Il Signore Gesù non fa così, fratelli e sorelle, ci invita ad un percorso nebbioso, in penombra, davvero nell’ombra del nostro essere, ma questo riscalda i cuori, fratelli e sorelle, vuol dire che per Dio noi siamo persone libere e intelligenti, non siamo dei fantocci, non siamo dei burattini, per questo dovremmo espungere con grande attenzione e cura la parola fato, la parola destino, non sono parole evangeliche, sono parole che raccontano di una soggezione dell’uomo ad un primato che gli sta lontano, che non è amore, perché l’amore, se non libera, non è amore!
Per noi invece è importantissima proprio la parola sequela, la libertà di stare o non stare dietro le orme del Signore Gesù ed è anche un segno dell’amore la scelta della libertà che Dio stesso per primo fa, fra essere e non-essere, creando, ponendo altro davanti a sé, correndo il rischio che accadesse quello che di fatto è accaduto, cioè che l’uomo volgesse le spalle, nella sua libertà, a colui che lo ha generato.
Ma questa è davvero, fratelli e sorelle, l’etica reale, non mitologica della vicenda umana e noi ci vogliamo stare in questo gioco, anche se comporta, implica, come non può non comportare sofferenza distanza, paura, spesso il dramma del male che è un tutt’uno con la libertà, perché effettivamente se il male fosse solo e soltanto esito di un fato, di un destino, inevitabilmente scagionerebbe la nostra intelligenza, ma torneremmo ad essere solo e soltanto creature che si muovono per un istinto che non sollecita la nostra intelligenza, semplicemente la obbliga a fare quello che banalmente dobbiamo fare e non possiamo fare diversamente.

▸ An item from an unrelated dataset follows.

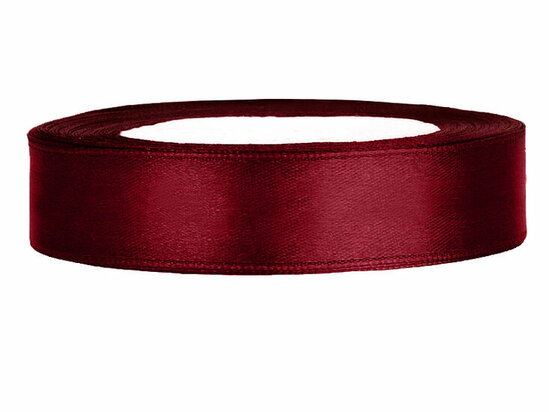 Satijn lint 1 cm breed bordeaux rood 100 meter rol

Invece no!
La nostra è una grande avventura di libertà, inquietante, ma affascinante, ci vogliamo stare, fratelli e sorelle nella consapevolezza che è un crinale strettissimo dove far passare tutto il nostro essere, la profondità del nostro cuore, le innumerevoli varianti della nostra intelligenza, con la sua genialità e con la sua straordinaria mediocrità, ma vogliamo starci in questo crinale, stretti fra uno spazio in cui effettivamente “passa la scena di questo mondo” e stretti sull’altro versante da “un tempo che ormai è compiuto”.
Lo intuite, è un filo più che un crinale.
E tuttavia Gesù ci chiede di percorrere quel filo e nessuna autostrada rassicurante.
Che lo Spirito Santo, vento di luce, dia a tutti noi la forza, l’umiltà, la tenacia, l’intraprendenza di percorrere questo crinale ovunque ci porti, valicando anche il non-essere perché più forte del non-essere è l’amore di Dio.